I was getting frustrated. As a result, he was getting frustrated. Soon, thinking I wouldn’t notice, he casually began hiding his hands under the table in order to come up with an answer.
We would do a long division problem and were forced to break it down into four or five (or more) smaller problems. Subtracting 9 from 12 required scratch paper and the process of borrowing from the one. Multiplication problems turned into numerous side-sessions of addition and reviewing multiplication tables starting with one, then two, then three and so on.
It became extremely difficult to remain focused on the actual homework problem while being sidetracked with so many other problems.
Math that should have taken a minute or less to work through was taking 4-5 minutes. As the class began moving into adding, subtracting and multiplying fractions – Matt was still battling with 7 plus 9.
My son’s autism, I feared, finally had enough of Matt kicking its ass up and down the hallways and decided to take a stand.

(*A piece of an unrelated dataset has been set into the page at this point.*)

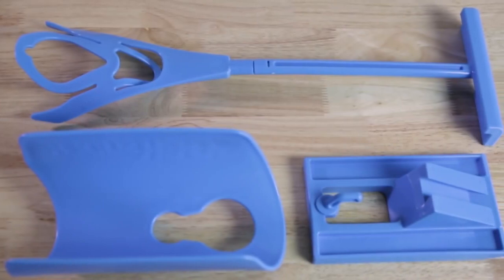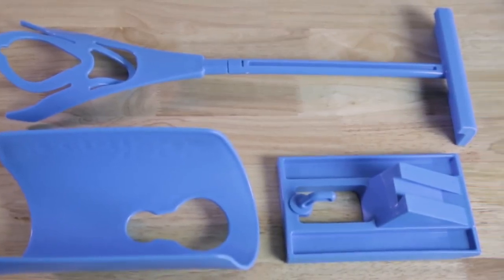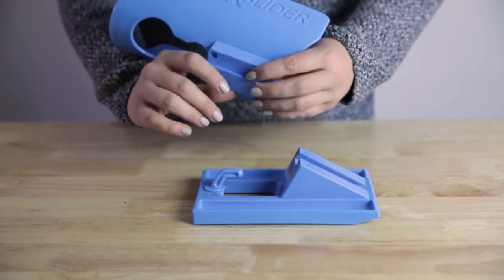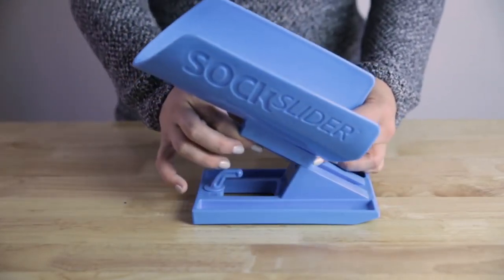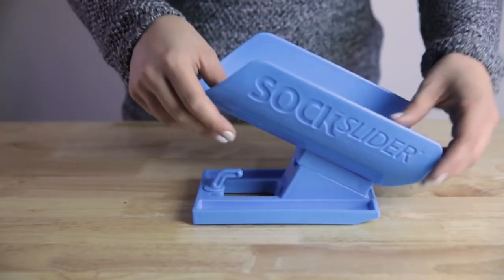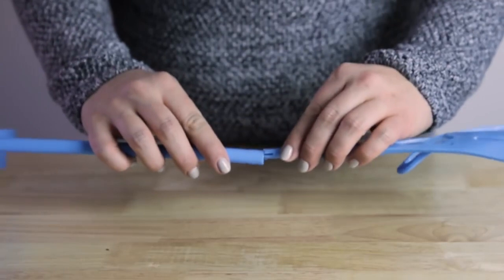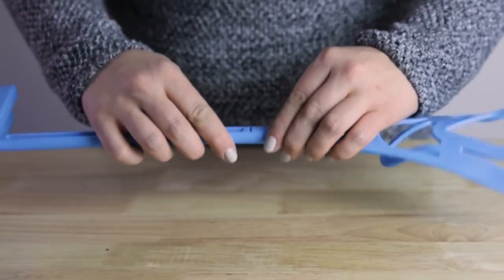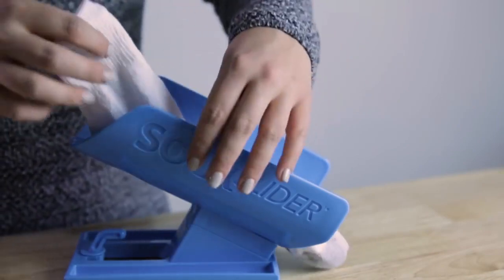Use Sock Slider for the fastest, easiest way to put your socks on and take them off. To assemble, align the sock cradle with the notch in the Sock Slider system's base and gently push down until the sock cradle is in position. Next, firmly push together the two pieces of the handle until it is secure.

Yet even at this time of accelerated learning and the constant building of skills – where mastery of one concept is needed for the next – young Matt was still showing a lot of fight.
About a month or so ago, he and I were going through another round of math homework and he was easily zipping through similar math problems that had given him difficulty in the past.
“What’s 42-36?”, I’d ask.
“Oh that’s easy! Six!”, he’d respond.
“Piece of cake,” he’d say. “It’s 36!”
At first I attributed this newfound success to being one of those times when he gets super-focused and zeroed in on a specific task. But more and more, he was answering quickly, not using his fingers and doing so with a lot of confidence.

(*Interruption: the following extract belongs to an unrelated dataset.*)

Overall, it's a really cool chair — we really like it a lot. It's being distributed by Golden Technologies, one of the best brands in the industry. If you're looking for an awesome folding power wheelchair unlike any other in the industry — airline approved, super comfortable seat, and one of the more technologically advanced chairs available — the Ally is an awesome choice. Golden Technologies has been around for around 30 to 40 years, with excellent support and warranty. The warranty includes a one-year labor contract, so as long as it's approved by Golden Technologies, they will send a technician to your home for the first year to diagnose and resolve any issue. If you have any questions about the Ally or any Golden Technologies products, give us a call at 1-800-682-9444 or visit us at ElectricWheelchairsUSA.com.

We started doing fractions with increased frequency and he was doing so much better. He wasn’t perfect, but keep in mind he’s now in a catch up mode. Addition, subtraction, fractions, volume… were not as big of a struggle they once were.
Over and over I talk about how far that kid has come, how hard he fights just to be average and how he is constantly trying to prove himself to others. His resilience is nothing short of amazing.
Unfortunately, he will continue to hit an occasional wall but as of yet – has shown he has no ceiling. My wife insists that kid is destined for great things and I think she’s right.
At this point I just hope that whatever he does in life doesn’t require dividing fractions because as last night showed, both of us face a wall that neither of us can get over!